Crumple zones absorb and dissipate the force of a collision, displacing and diverting it away from the passenger compartment and reducing the impact force on the vehicle occupants. Vehicles will include a front, rear and maybe side crumple zones (like Volvo SIPS) too.
Side impact protection beams.
Collapsible universally jointed steering columns, (with the steering system mounted behind the front axle - not in the front crumple zone), reduce the risk and severity of driver impalement on the column in a frontal crash.
Pedestrian protection systems.
Padding of the instrument panel and other interior parts of the vehicle likely to be struck by the occupants during a crash.

Post-crash survivability
Post-crash survivability is the chance that you can survive a crash after it occurs, these devices are often miscellaneous, and are not heavily produced as it is very difficult for them to function.

Pedestrian safety


1974 Mini Clubman Experimental Safety Vehicle featuring a "pedestrian-friendly" front end.
Since at least the early 1970s, attention has also been given to vehicle design regarding the safety of pedestrians in car-pedestrian collisions.
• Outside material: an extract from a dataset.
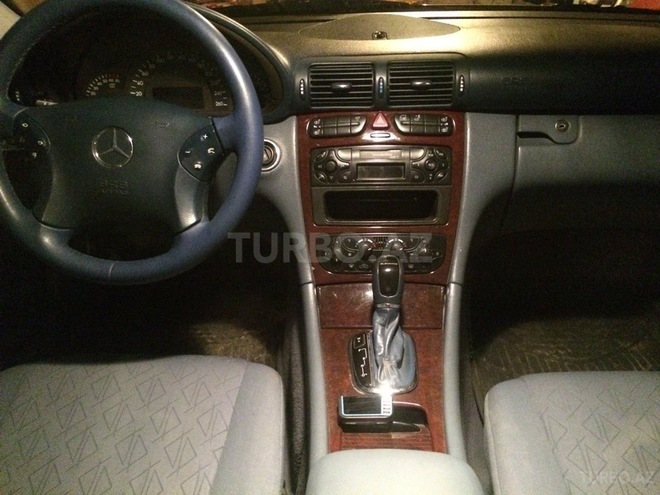 Mercedes C 200 2001, 274,152 km - 2.0 l - Xaçmaz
Proposals in Europe would require cars sold there to have a minimum/maximum hood (bonnet) height. From 2006 the use of "bull bars", a fashion on 4x4s and SUVs, became illegal.

Conspicuity
A Swedish study found that pink cars are involved in the fewest accidents, with black cars being most often involved in crashes (Land transport NZ 2005).
In Auckland New Zealand, a study found that there was a significantly lower rate of serious injury in silver cars; with higher rates in brown, black, and green cars. (Furness et al., 2003)
The Vehicle Color Study, conducted by Monash University Accident Research Centre (MUARC) and published in 2007, analysed 855,258 accidents occurring between 1987 and 2004 in the Australian states of Victoria and Western Australia that resulted in injury or in a vehicle being towed away. The study analysed risk by light condition. It found that in daylight black cars were 12% more likely than white to be involved in an accident, followed by grey cars at 11%, silver cars at 10%, and red and blue cars at 7%, with no other colors found to be significantly more or less risky than white. At dawn or dusk the risk ratio for black cars jumped to 47% more likely than white, and that for silver cars to 15%. In the hours of darkness only red and silver cars were found to be significantly more risky than white, by 10% and 8% respectively.
Daytime running lamp that have been standard on Swedish cars since the 1970s, are soon to be mandatory across the entire EU.

History

Automobile safety may have become an issue almost from the beginning of mechanised road vehicle development. The second steam-powered "Fardier" (artillery tractor), created by Nicolas-Joseph Cugnot in 1771, is reported by some to have crashed into a wall during its demonstration run. However according to Georges Ageon, the earliest mention of this occurrence dates from 1801 and it does not feature in contemporary accounts.
One of the earliest recorded automobile fatalities was Mary Ward, on August 31, 1869 in Parsonstown, Ireland.
In the 1930s, plastic surgeon Claire L. Straith and physician C. J. Strickland advocated the use of seat belts and padded dashboards. Strickland founded the Automobile Safety League of America.
In 1934, GM performed the first barrier crash test.
In 1942, Hugh De Haven published the classic Mechanical analysis of survival in falls from heights of fifty to one hundred and fifty feet.
In 1949 SAAB incorporated aircraft safety thinking into automobiles making the Saab 92 the first production SAAB car with a safety cage, and the American Tucker was built with the world's first padded dashboard.
In 1956, Ford tried unsuccessfully to interest Americans in purchasing safer cars with their Lifeguard safety package. (Its attempt nevertheless earns Ford Motor Trend's "Car of the Year" award for 1956.)
In 1958, the United Nations established the World Forum for Harmonization of Vehicle Regulations, an international standards body advancing auto safety. Many of the most life saving safety innovations, like seat belts and roll cage construction were brought to market under its auspices. That same year, Volvo engineer Nils Bohlin invented and patented the three-point lap and shoulder seat belt, which became standard equipment on all Volvo cars in 1959. Over the next several decades, three-point safety belts were gradually mandated in all vehicles by regulators throughout the industrialised world.
In 1966, the U.S. established the United States Department of Transportation (DOT) with automobile safety one of its purposes. The National Transportation Safety Board (NTSB) was created as an independent organization on April 1, 1967, but was reliant on the DOT for administration and funding. However, in 1975 the organization was made completely independent by the Independent Safety Board Act (in P.L. 93-633; 49 U.S.C. 1901).
Volvo developed the first rear-facing child seat in 1964 and introduced its own booster seat in 1978.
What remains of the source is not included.